Let’s look at gettimeofday() as an example, because i’m obsessed with time and it’s the one lwn talked about too. What you do, is basically add a little bit of additional linking into normal kernel operation. This gets initiated at boot under the hood so you can’t just add this on the fly. So, the kernel is managing its timekeeping in kernel space. For gettimeofday() there’s a specific variable that gets mapped into memory, and the kernel updates it as part of its regular timekeeping function. It calls timekeeping_update(), and that calls update_vsyscall/update_vsyscall_tz, those functions will then update the values. When you make a gettimeofday() call then, you hit the vDSO which provides a function, which reads from the vvar page that accesses, read only, the specific page frame of physical memory that the variable data is stored in. When the kernel modifies the value of one of its internal variables, the associated variable(s) in the vvar page mwill then also be updated. And that’s how you expose kernel variables as read-only in userspace. This is detailed much better at the lwn article linked below[3]

So the vDSO is cool because it lets us share a single frame across both system and user memory addresses. By using two different virtual addresses, one in system and one in user memory space, we can allow different access to the vvar page. Other kernel routines will update the data within there (think timer subsystems here that are consistently updating the time of day value). That means we can allow user processes to read the contents of that page while also allowing processes with ring0 privileges to update the same data. This is neat and saves the overhead of popping pointers in and off the kernel stack just to read the value of something like the timeofday value.

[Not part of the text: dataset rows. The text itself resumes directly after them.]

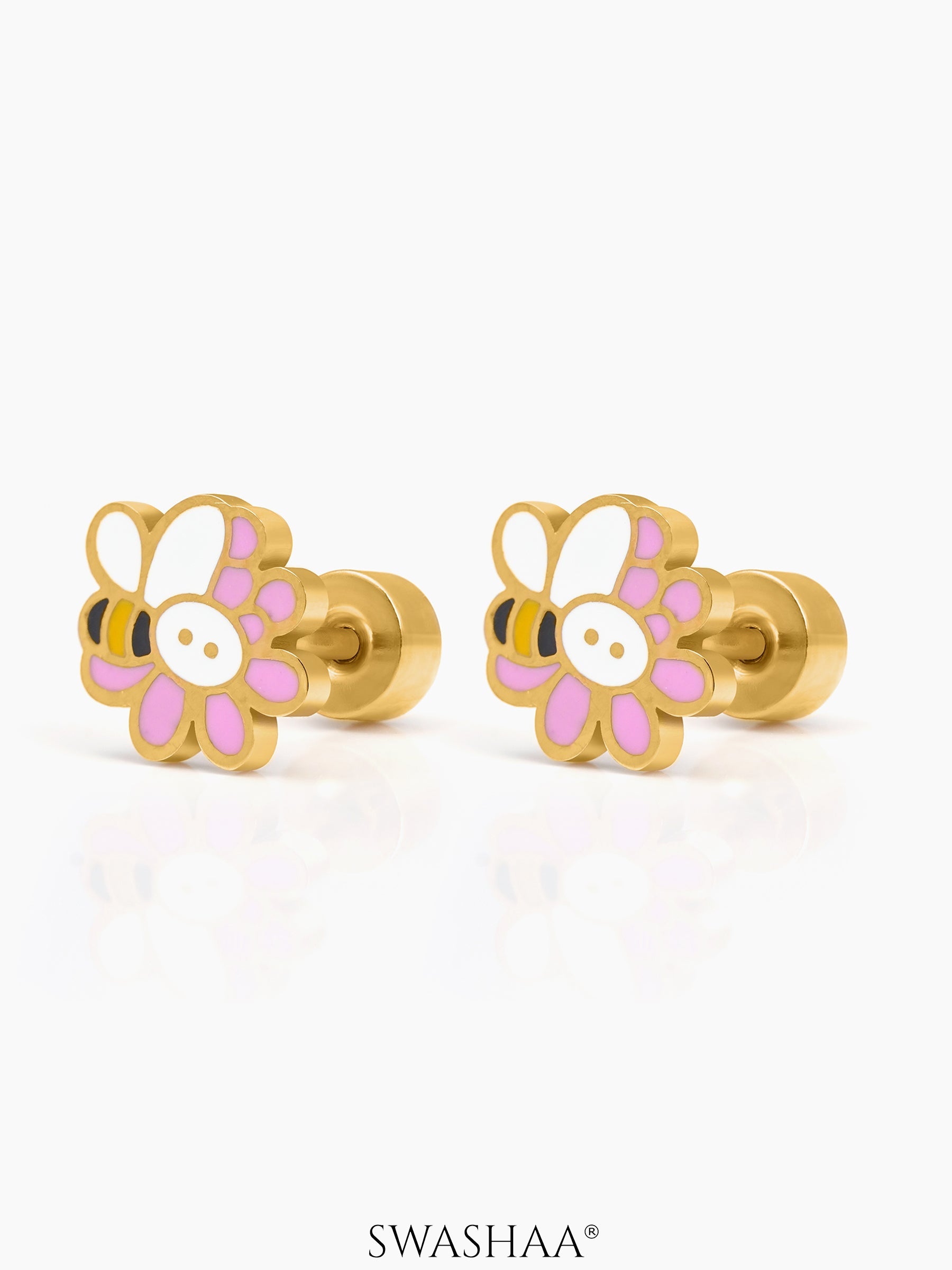 Honey Bee Bloom 18K Gold Plated Kid's Stud Earrings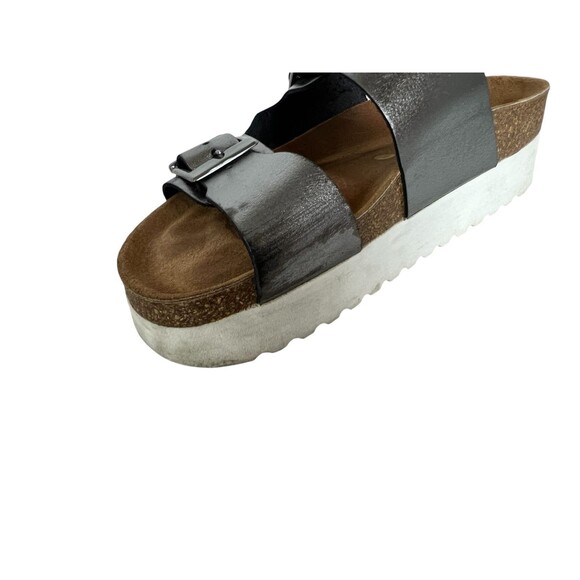 Saint + Sofia Platform 2 Strap Sandals  US 7  Pewter Metallic Leather  Casual - Picture 8 of 10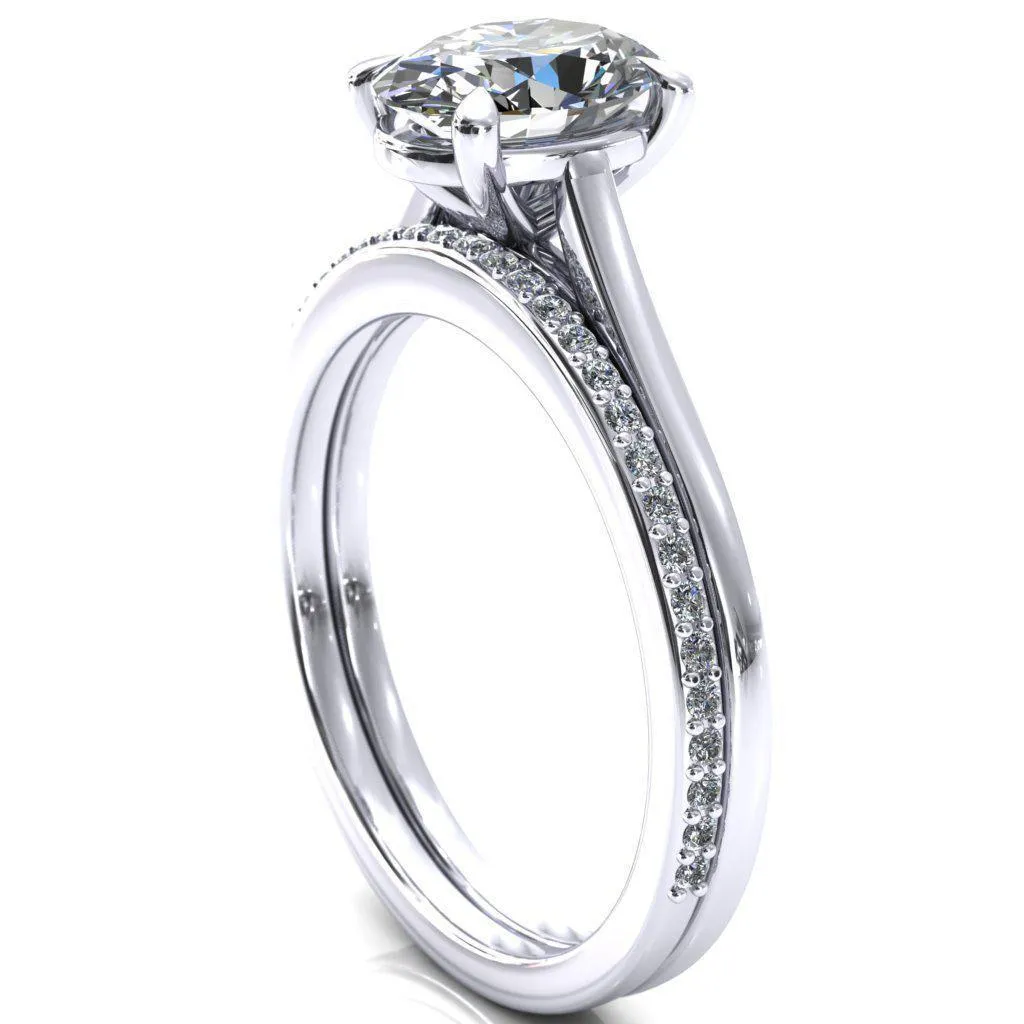 Lizzy Oval Center Stone 4 Claw Prong Cathedral Engagement Ring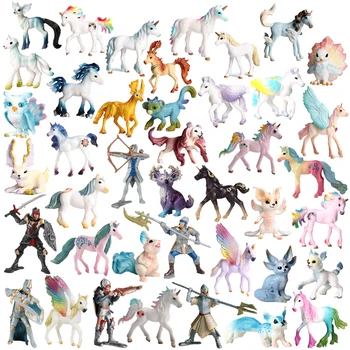 Figuras de Ação Sanrio Hello Kitty: O Presente Perfeito para Jovens e Colecionadores 7 Mythical Animals Fairy Tale Elves Model Action Figures Simulation Elf Colorful Pegasus Knight Figurine Children Collect Toy Gift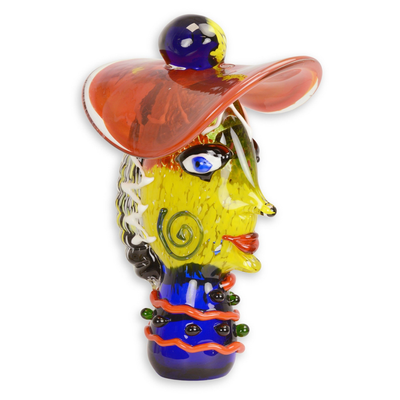 Murano Style Glass Figurine of a Lady Head with Hat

Why does any of this matter? Well if you’re running an application on a kernel version that doesn’t have a vDSO, or in which a system call you use frequently isn’t included within the vDSO, then you’re going to have problems. Cool sidebar, you can create your own calls in the vDSO but that starts to get into compiling your own kernel.[6] The problem the package cloud blog hit on was that the AWS instances they were using didn’t have gettimeofday() available to be accessed via the vDSO and so their application ran up to 70% slower on AWS instances.








[8] Turns out people have named variables in a nonsensical fashion, shocking I know. From the vDSO man page, “Note that the terminology can be confusing. On x86 systems, the vDSO function used to determine the preferred method of making a system call is named “__kernel_vsyscall”, but on x86_64, the term “vsyscall” also refers to an obsolete way to ask the kernel what time it is or what CPU the caller is on.